新教育の森:神奈川 30年ぶりトイレ掃除復活--10年度から横浜市 /神奈川

3月13日13時1分配信 毎日新聞

 ◇「公共心」育成できる?
 ◇全市立小・中・高500校/「普通に戻った」の声も
 横浜市の全市立の小・中・高校約500校(特別支援学校を除く)で10年度から、児童・生徒のトイレ掃除が復活する。約30年ぶりだけに感染症への不安も聞かれ、「社会をよくしようとする公共心の育成」を掲げる市教育委員会は対策に躍起だ。他の政令指定都市では実は当然の「子どものトイレ清掃」。トイレを磨けば心も磨かれる?【野口由紀】
 ■「すっきり」
 「キン、コン、カーンコーン」
 給食時間の終わりを告げるチャイムが鳴ると、ほうきやちりとり、背丈ほどある柄付きブラシを、子どもたちが一斉に手にする。
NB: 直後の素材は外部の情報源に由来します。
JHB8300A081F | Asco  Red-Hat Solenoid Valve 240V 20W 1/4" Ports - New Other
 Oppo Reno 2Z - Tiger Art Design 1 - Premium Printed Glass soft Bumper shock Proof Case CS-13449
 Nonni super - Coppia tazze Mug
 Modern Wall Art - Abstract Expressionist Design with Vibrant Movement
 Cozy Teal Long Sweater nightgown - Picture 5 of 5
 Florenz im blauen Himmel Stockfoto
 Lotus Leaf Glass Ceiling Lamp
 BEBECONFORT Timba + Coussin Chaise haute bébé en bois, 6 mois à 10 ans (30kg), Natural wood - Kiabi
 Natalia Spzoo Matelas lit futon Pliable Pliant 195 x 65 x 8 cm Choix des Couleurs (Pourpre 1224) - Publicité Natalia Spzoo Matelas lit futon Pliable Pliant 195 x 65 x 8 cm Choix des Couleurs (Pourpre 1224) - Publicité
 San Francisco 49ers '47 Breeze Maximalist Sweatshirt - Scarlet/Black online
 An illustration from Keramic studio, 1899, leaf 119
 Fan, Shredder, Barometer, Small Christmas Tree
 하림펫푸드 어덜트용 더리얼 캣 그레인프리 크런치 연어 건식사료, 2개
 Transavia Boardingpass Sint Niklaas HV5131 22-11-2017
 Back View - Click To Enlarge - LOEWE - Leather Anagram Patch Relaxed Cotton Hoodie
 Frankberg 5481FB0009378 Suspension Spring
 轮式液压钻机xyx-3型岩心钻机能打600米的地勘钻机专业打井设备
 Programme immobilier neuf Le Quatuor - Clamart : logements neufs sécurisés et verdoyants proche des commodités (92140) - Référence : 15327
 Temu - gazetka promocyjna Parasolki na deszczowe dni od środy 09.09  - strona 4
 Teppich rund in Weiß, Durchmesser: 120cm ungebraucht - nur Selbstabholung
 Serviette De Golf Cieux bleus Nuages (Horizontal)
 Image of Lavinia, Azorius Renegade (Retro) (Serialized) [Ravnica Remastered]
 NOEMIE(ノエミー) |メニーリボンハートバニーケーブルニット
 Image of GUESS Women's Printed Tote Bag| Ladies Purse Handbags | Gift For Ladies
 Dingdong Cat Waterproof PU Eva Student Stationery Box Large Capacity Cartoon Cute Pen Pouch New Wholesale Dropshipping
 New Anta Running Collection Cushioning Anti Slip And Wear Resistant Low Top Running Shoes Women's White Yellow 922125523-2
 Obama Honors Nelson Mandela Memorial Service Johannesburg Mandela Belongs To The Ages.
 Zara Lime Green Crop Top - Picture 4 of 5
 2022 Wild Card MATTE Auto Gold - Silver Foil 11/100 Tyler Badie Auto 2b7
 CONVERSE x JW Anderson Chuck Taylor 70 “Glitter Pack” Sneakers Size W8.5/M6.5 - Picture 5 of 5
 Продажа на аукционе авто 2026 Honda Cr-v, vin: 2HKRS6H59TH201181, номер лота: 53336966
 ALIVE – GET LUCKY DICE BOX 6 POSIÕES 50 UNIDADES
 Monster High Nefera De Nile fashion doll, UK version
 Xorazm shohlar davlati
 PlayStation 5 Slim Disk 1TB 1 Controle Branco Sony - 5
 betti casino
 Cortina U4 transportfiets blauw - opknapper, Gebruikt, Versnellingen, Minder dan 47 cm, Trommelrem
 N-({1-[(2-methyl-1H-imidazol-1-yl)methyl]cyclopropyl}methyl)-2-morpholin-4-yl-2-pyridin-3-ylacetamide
タイル張りの床を丁寧にはき上げ、便器だってブラシでシャコシャコ。鏡もぞうきんでピカピカに磨いた。1月からトイレ掃除をするモデル校の市立折本小学校(都筑区)。3年の武田理奈さん(9)は「汚いって思わない。慣れてきちゃった」。別のトイレを担当した5年の内藤龍海君(11)らも「最初はやり方が分からなかったけど、すっきりする」と笑った。
 ■器物損壊4ケタに
 こうした風景はかつては他校でも見られたが、市教委児童・生徒指導課によると、昭和40年代ごろから子どもの姿が次第に消えた。今はどこも85年の通知でトイレ掃除が「業務」とされた学校用務員が清掃しており、例外的な市立中3校でも生徒は便器に触れず床をはくだけだ。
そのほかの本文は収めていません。